• **PROBLEM STATEMENT**
Nothing but the lines from the one containing "Rose gold Pear" through the one containing "0006 Mutandine indossabili", both included, should be given again, each exactly as written below.
--*--
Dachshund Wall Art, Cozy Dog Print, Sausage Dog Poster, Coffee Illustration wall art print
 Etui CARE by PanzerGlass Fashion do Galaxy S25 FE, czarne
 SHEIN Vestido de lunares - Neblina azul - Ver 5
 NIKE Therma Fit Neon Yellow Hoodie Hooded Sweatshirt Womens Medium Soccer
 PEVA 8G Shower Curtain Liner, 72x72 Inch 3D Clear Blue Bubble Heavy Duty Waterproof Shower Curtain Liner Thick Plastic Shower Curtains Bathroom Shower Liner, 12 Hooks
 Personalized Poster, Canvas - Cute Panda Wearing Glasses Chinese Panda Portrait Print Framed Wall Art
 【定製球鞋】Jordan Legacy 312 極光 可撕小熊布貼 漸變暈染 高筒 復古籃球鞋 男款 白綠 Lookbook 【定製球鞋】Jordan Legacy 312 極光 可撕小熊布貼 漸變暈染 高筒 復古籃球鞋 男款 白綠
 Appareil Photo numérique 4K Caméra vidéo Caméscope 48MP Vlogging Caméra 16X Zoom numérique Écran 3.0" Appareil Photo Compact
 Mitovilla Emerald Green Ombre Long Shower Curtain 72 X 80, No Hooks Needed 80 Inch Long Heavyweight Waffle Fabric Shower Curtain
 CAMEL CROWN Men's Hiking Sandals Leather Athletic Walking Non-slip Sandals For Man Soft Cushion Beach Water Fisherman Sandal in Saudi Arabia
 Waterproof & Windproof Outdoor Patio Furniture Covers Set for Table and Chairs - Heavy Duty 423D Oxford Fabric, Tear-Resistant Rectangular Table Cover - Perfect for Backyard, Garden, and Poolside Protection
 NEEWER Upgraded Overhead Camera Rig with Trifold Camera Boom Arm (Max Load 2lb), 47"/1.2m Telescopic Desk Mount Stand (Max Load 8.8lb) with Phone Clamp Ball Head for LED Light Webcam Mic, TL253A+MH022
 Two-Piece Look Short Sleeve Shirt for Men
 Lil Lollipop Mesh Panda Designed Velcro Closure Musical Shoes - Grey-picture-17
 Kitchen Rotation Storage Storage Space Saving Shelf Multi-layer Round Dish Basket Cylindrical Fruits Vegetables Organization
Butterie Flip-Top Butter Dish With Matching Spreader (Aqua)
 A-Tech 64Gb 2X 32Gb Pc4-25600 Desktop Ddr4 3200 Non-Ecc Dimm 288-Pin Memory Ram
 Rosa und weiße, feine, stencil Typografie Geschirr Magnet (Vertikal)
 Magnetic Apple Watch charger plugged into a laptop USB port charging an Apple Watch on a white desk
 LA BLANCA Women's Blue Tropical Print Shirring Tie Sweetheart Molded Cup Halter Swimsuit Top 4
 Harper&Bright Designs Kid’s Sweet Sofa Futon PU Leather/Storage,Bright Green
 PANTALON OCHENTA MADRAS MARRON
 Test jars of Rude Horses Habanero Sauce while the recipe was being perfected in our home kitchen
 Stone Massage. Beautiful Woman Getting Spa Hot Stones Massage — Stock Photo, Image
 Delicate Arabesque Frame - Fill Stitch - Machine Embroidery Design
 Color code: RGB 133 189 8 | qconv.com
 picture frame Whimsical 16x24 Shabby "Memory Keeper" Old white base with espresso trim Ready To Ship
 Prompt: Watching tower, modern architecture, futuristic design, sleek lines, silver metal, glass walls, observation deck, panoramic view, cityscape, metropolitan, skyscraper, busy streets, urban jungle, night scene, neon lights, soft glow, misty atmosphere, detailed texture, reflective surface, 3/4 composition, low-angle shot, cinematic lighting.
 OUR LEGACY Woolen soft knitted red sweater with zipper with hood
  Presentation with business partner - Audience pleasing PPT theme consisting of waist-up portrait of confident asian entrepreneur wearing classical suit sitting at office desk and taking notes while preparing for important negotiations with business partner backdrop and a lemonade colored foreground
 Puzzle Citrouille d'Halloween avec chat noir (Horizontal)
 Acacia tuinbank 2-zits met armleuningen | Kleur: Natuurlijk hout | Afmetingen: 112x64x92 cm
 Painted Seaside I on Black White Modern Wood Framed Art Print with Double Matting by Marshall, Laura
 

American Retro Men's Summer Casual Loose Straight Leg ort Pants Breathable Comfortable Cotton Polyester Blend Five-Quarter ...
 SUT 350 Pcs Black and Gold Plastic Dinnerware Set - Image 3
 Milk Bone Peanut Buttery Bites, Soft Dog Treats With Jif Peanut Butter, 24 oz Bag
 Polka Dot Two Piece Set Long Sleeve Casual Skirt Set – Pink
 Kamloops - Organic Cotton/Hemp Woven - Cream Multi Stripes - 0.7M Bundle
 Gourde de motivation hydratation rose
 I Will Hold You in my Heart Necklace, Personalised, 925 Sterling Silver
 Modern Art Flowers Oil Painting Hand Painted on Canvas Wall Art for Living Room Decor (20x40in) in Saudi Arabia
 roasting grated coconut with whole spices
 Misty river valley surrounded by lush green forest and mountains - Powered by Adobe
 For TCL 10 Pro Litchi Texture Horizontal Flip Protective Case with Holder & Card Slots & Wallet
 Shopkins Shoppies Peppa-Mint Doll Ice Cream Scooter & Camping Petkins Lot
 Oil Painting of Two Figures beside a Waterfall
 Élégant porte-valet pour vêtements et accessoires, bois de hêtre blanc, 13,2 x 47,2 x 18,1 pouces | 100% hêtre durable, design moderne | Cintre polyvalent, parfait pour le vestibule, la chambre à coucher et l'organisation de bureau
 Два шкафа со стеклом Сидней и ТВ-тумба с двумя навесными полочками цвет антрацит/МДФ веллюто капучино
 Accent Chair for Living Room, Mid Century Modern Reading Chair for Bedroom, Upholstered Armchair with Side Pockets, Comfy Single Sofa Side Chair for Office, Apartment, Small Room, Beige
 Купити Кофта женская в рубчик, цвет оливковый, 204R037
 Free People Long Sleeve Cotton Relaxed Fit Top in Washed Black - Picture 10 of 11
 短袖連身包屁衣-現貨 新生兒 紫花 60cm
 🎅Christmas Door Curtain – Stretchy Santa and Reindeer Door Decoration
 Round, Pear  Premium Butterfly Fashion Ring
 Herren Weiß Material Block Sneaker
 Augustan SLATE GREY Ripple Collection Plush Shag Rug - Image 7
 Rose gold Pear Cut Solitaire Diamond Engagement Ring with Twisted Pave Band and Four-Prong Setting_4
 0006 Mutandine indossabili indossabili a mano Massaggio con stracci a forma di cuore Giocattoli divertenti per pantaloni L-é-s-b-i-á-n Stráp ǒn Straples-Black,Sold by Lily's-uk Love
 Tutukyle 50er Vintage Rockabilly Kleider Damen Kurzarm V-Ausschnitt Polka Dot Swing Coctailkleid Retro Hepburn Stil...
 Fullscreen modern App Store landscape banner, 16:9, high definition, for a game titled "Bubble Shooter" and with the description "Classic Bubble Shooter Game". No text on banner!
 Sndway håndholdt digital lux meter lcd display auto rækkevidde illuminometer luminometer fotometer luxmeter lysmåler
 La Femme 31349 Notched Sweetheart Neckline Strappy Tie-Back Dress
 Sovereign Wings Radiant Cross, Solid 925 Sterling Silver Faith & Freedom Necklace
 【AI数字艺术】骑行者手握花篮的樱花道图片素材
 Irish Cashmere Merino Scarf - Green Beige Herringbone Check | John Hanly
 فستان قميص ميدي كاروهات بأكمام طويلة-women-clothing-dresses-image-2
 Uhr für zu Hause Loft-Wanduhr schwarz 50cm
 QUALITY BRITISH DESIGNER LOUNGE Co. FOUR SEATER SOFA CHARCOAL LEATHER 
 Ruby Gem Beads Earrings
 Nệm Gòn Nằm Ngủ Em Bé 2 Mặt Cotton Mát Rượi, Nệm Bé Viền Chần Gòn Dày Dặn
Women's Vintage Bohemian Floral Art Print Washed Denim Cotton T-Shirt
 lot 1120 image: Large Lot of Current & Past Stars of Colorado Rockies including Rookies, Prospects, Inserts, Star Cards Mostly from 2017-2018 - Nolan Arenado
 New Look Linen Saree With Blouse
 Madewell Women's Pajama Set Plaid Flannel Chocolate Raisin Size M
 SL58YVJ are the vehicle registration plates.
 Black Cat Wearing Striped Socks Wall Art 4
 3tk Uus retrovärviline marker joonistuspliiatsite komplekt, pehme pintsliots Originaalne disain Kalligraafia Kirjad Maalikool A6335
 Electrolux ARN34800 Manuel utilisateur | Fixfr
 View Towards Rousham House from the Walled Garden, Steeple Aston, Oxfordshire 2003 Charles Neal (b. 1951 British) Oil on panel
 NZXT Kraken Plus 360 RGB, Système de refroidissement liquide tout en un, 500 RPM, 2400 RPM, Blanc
--*--
• **EXERCISE ANSWER**
 Rose gold Pear Cut Solitaire Diamond Engagement Ring with Twisted Pave Band and Four-Prong Setting_4
 0006 Mutandine indossabili indossabili a mano Massaggio con stracci a forma di cuore Giocattoli divertenti per pantaloni L-é-s-b-i-á-n Stráp ǒn Straples-Black,Sold by Lily's-uk Love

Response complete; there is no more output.